By designing a more thoughtful pattern for its staffing assignments, Emory University Hospital (EUH) overcame unit “geography” obstacles with their innovative care zones model. Shockingly, the model cost nothing to implement and they report it has improved their patient outcomes and nurse workflow.
The Problem
In 2014, EUH’s 24-bed general medicine unit was experiencing high call-light volume and low patient satisfaction. The unit also fielded increased nurse workflow complaints and experienced excessive incremental overtime. More importantly, the unit’s spread-out, U-shaped configuration increased the distance nurses traveled between their patients, which led to a rash of patient falls.
In fact, by the beginning of 2015, they had reported six consecutive quarters of patient fall data in the red zone — about five or six per month — on the unit nursing quality index.
The tipping point came when two patients on opposite corners of the unit each fell within moments of each other. Both patients were assigned to a veteran nurse who hadn’t had a single patient fall in his six-year career.
“That was a perfect illustration of the unit’s geography problem,” recalls unit charge nurse William Bodnar.
The unit’s inefficient layout led to more than patient falls. EUH Specialty Director Greg Kingsley-Mota, MSN, RN, NEA-BC, who was unit director at the time, identified multiple challenges for nurses, patients and staffing budgets, including:
- High call-light volume
- Ineffective handoffs
- Increased incremental overtime
- Lower patient and family satisfaction
- Nurse dissatisfaction with workflow and assignments
- Long distances between assigned patients
EUH, which originally had an inflexible pod system, then implemented the AACN Synergy Model. But with no standardized acuity tool or system, the model alone wasn’t effective, and the pod morphed into subjective assignments that crisscrossed from one end of the unit to another. The staff often felt assignments were unfair. The general consensus: There’s a problem with the acuity system.
“I had nurses in my office in tears because they felt we had not set them up for success because of the way they were assigned,” Kingsley-Mota says. “Individual clinicians felt like they were being targeted or penalized for having more in-depth skills. They were worn out. Meanwhile, others were perceived as getting lighter assignments.”

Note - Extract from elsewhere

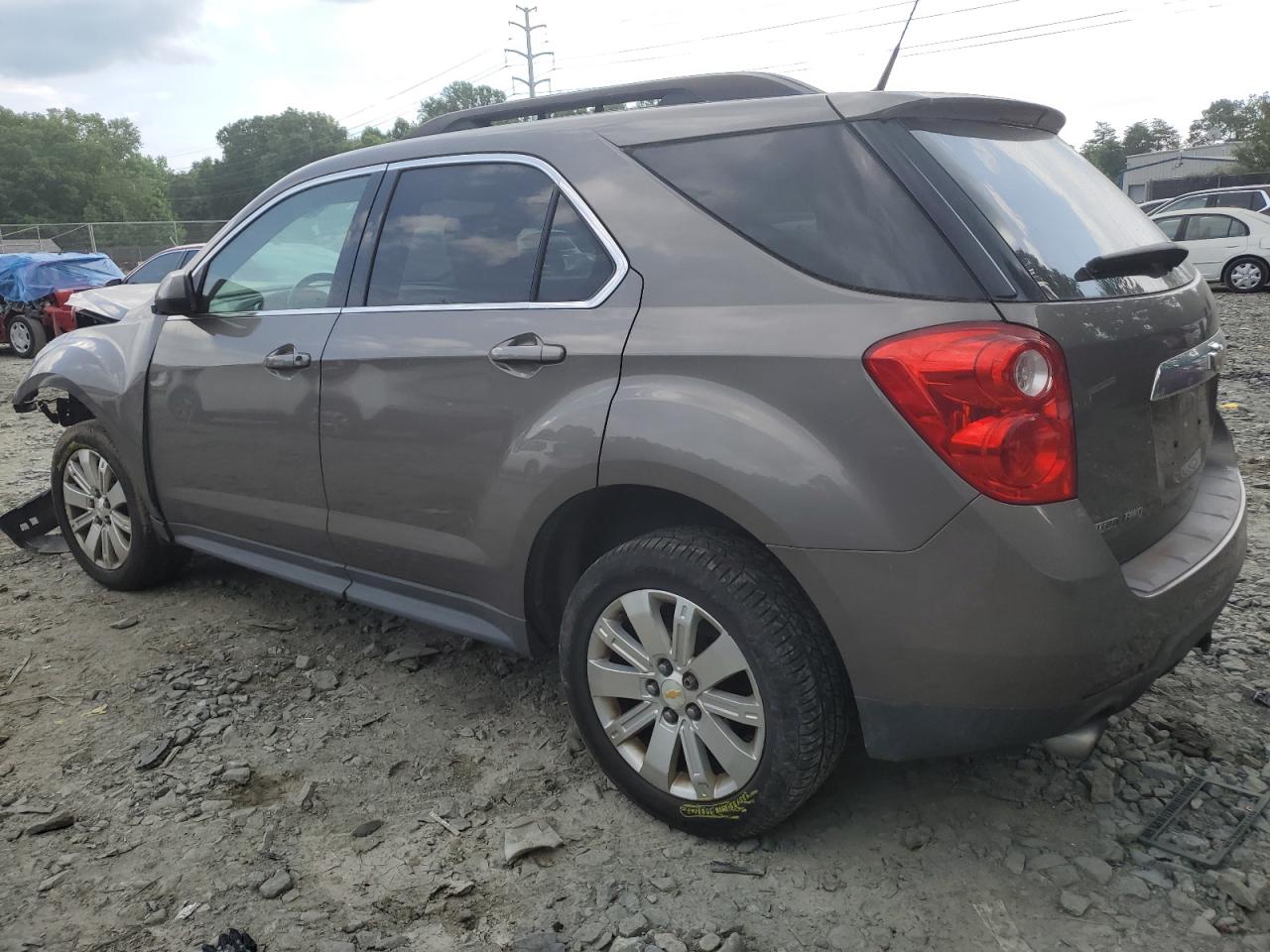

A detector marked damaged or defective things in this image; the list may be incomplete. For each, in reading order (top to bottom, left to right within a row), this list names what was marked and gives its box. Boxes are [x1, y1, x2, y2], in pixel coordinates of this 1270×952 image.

damaged front bumper [0, 494, 68, 555]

He realized that too much depended on the clinician’s level of experience and length of time in practice. Varying feedback from multiple nurses on patient acuity was driving how the charge nurses made nurse-patient assignments.
The Solution
The EUH team found parallels in the research literature from similar university health systems, but nothing matched perfectly. Their front-line clinicians needed scheduling flexibility and fluidness to adapt to patient flow. The team envisioned that a new system must stay as equitable as possible throughout a 12-hour shift, account for existing resources and keep a commitment to the AACN Synergy Model of matching nurse competencies with patient needs.
For EUH, it was time to get creative and innovate.